- Division: 4th Norris
- Conference: 7th Campbell
- 1981–82 record: 30–38–12
- Home record: 20–13–7
- Road record: 10–25–5
- Goals for: 332
- Goals against: 363

Team information
- General manager: Bob Pulford
- Coach: Keith Magnuson
- Captain: Terry Ruskowski
- Alternate captains: None
- Arena: Chicago Stadium
- Average attendance: 12,698

Team leaders
- Goals: Al Secord (44)
- Assists: Denis Savard (87)
- Points: Denis Savard (119)
- Penalty minutes: Al Secord (303)
- Plus/minus: Keith Brown (+5)
- Wins: Tony Esposito (19)
- Goals against average: Murray Bannerman (4.53)

= 1981–82 Chicago Black Hawks season =

National Hockey League team season

The 1981–82 Chicago Black Hawks season was the 56th season of operation of the Chicago Black Hawks in the National Hockey League (NHL).

==Offseason==
During the off-season, the NHL realigned their divisions, and the Black Hawks moved from the Smythe Division to the Norris Division. Joining Chicago in the Norris Division were the Detroit Red Wings, Minnesota North Stars, St. Louis Blues, Toronto Maple Leafs, and Winnipeg Jets, making it the only six team division in the league.

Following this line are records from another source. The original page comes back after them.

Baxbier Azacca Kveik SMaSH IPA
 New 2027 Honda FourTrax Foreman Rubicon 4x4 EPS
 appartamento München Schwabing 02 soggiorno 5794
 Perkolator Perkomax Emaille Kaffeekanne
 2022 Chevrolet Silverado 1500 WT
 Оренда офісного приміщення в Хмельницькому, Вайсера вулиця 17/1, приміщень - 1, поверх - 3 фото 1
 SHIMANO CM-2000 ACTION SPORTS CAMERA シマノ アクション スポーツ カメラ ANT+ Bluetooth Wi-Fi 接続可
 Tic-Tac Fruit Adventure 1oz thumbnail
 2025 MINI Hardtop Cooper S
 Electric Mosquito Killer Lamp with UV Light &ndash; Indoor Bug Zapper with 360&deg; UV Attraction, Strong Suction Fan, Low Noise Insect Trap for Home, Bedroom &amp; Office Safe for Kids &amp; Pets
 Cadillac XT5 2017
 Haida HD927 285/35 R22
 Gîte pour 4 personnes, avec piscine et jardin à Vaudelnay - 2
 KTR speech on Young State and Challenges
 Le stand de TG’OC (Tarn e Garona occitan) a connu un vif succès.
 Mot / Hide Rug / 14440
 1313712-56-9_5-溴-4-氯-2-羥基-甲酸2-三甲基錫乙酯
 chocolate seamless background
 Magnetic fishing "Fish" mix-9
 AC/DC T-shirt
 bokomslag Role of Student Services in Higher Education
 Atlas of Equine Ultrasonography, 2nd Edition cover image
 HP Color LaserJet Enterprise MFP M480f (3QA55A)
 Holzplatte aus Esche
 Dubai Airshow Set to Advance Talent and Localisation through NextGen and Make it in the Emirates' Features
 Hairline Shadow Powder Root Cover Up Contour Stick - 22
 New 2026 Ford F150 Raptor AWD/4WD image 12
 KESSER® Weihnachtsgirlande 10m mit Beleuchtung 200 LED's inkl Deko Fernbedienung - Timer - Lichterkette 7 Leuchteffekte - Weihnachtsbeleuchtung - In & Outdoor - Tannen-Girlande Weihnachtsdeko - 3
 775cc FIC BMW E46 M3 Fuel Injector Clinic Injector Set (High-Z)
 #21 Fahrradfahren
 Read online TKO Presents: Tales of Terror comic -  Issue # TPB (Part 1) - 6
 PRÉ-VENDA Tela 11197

At the 1981 NHL entry draft, the Hawks drafted Tony Tanti with their first round draft pick. Tanti had 81 goals and 150 points with the Oshawa Generals of the OHL in 1980–81.

==Regular season==
Chicago had a solid start to the season, opening with a 9–5–6 record in their first 20 games, only two points behind the Minnesota North Stars for first place in the Norris Division. The Black Hawks struggled over the next part of the season, as they quickly fell out of contention for first place, going 14-28-4 in their next 46 games, falling into fourth place. During the slump, head coach Keith Magnuson resigned, as Bob Pulford took over as the interim head coach for the remainder of the season. Chicago finished the season with a 30–38–12 record, earning 72 points, which was good enough for the final playoff spot in the Norris.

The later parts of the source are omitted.